### What is needed
Only one stretch of the data below is needed: the line with "Which Versions of" through the last line. Output it exactly and drop the pictures.

### Source material
━━━━━━━━━━━━━━━━━━━━━━━━━━━━━━
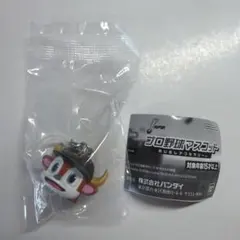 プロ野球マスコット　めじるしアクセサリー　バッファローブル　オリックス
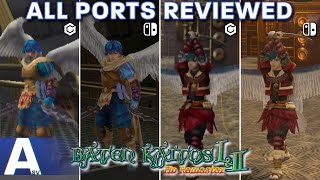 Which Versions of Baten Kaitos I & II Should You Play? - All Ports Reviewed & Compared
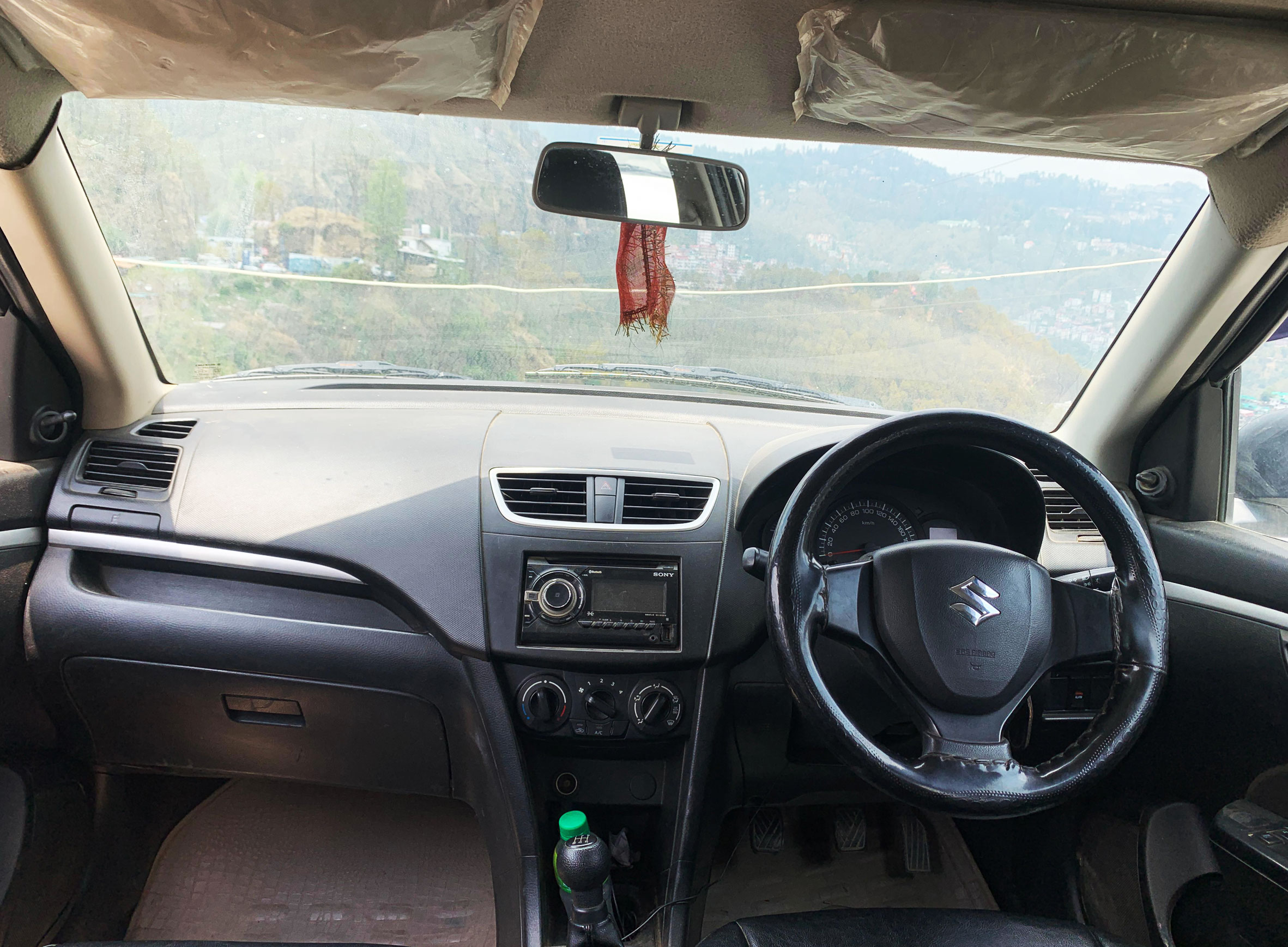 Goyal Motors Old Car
━━━━━━━━━━━━━━━━━━━━━━━━━━━━━━
### Task response
 Which Versions of Baten Kaitos I & II Should You Play? - All Ports Reviewed & Compared
 Goyal Motors Old Car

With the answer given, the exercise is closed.